**WHAT TO DO:** For this exercise, repeat exactly the lines below starting at the line holding "Các đại biểu" and ending at the line holding "Martin Schwab speaking", both included, with no extra lines and no pictures.

**DATA EXTRACT:**
*****

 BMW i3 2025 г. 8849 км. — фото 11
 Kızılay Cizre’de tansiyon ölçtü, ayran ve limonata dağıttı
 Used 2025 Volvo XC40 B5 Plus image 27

*****

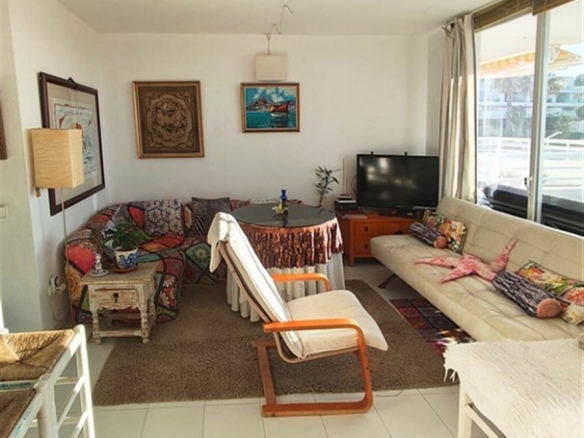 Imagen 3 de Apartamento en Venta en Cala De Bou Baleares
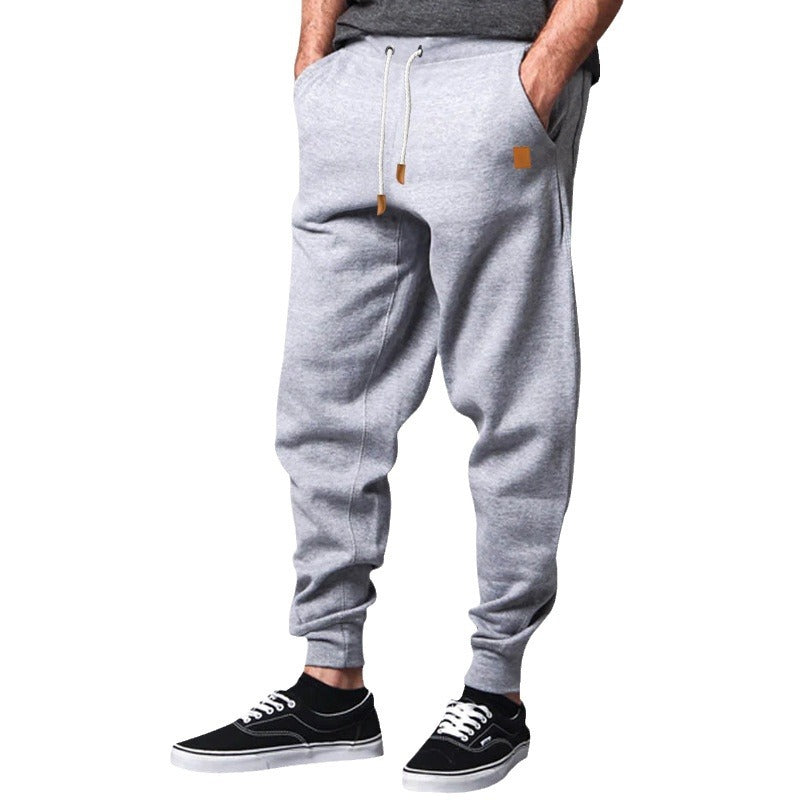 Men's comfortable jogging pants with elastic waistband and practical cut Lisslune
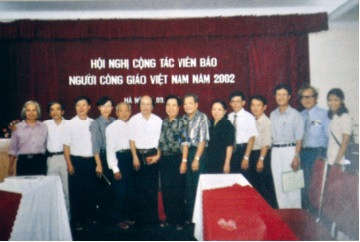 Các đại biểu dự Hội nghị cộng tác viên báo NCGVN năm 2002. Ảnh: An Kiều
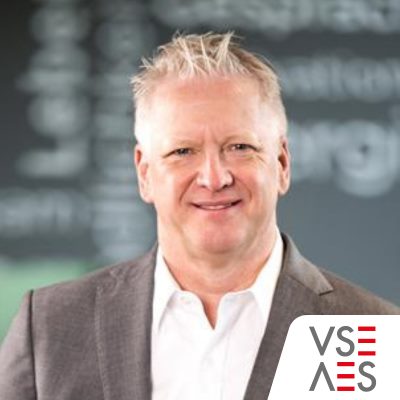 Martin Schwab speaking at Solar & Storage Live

*****

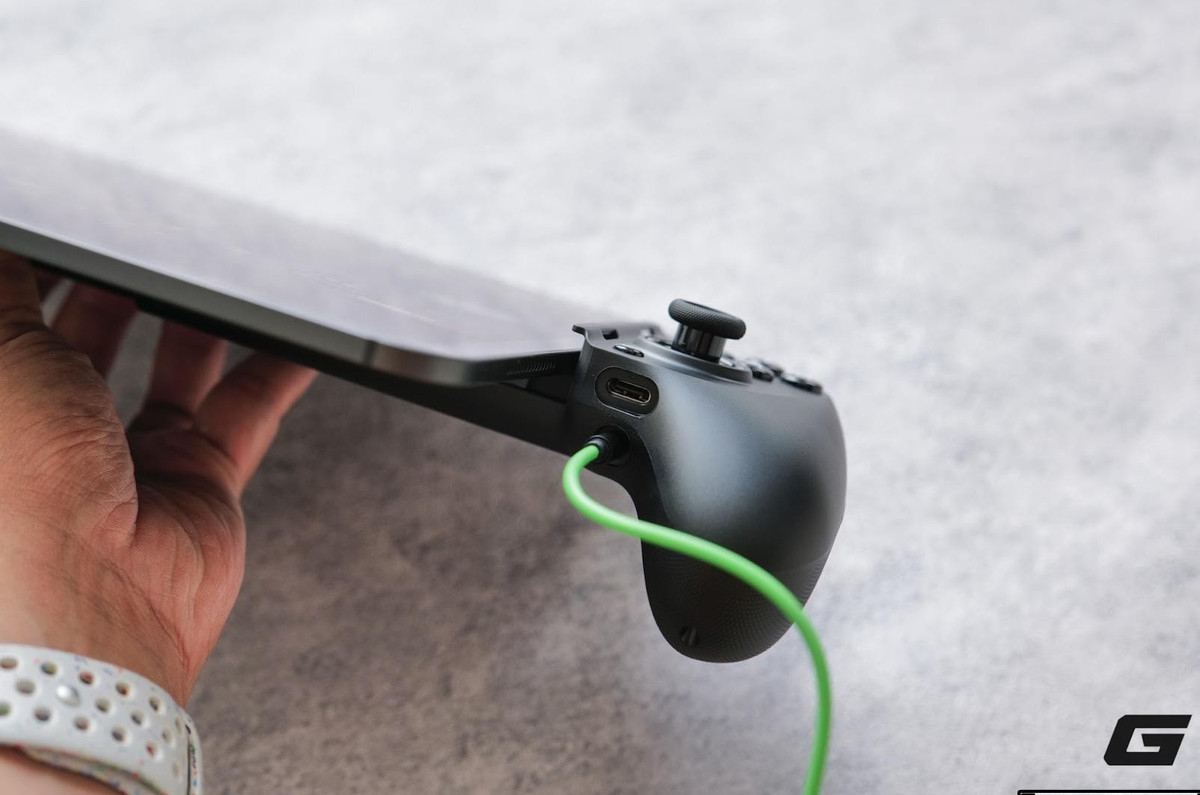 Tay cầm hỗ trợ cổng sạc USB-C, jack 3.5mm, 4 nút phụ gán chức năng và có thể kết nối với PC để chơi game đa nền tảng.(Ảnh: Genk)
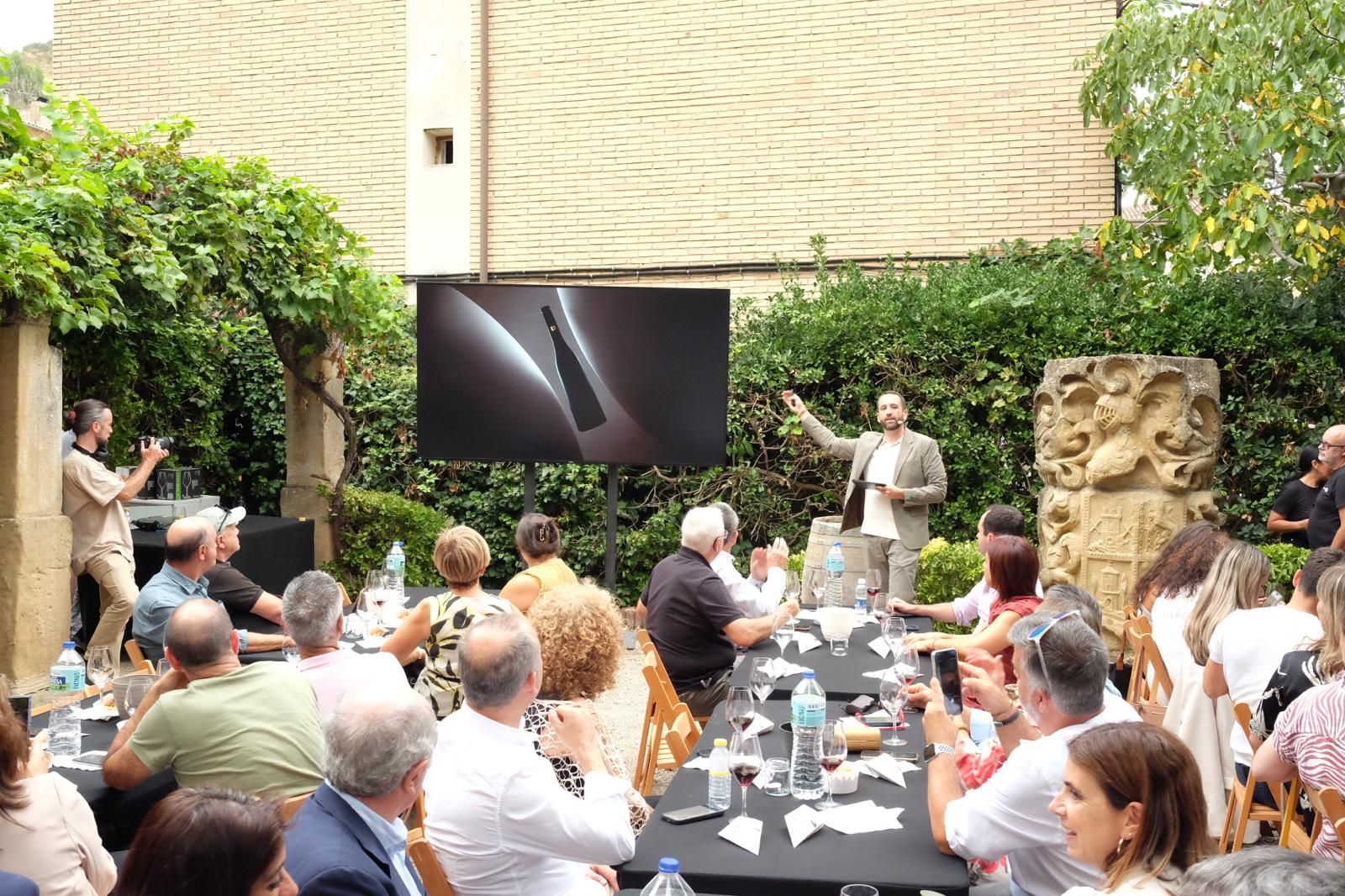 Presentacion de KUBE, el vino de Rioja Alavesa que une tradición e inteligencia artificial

*****

**ANSWER SPACE:**
 Các đại biểu dự Hội nghị cộng tác viên báo NCGVN năm 2002. Ảnh: An Kiều
 Martin Schwab speaking at Solar & Storage Live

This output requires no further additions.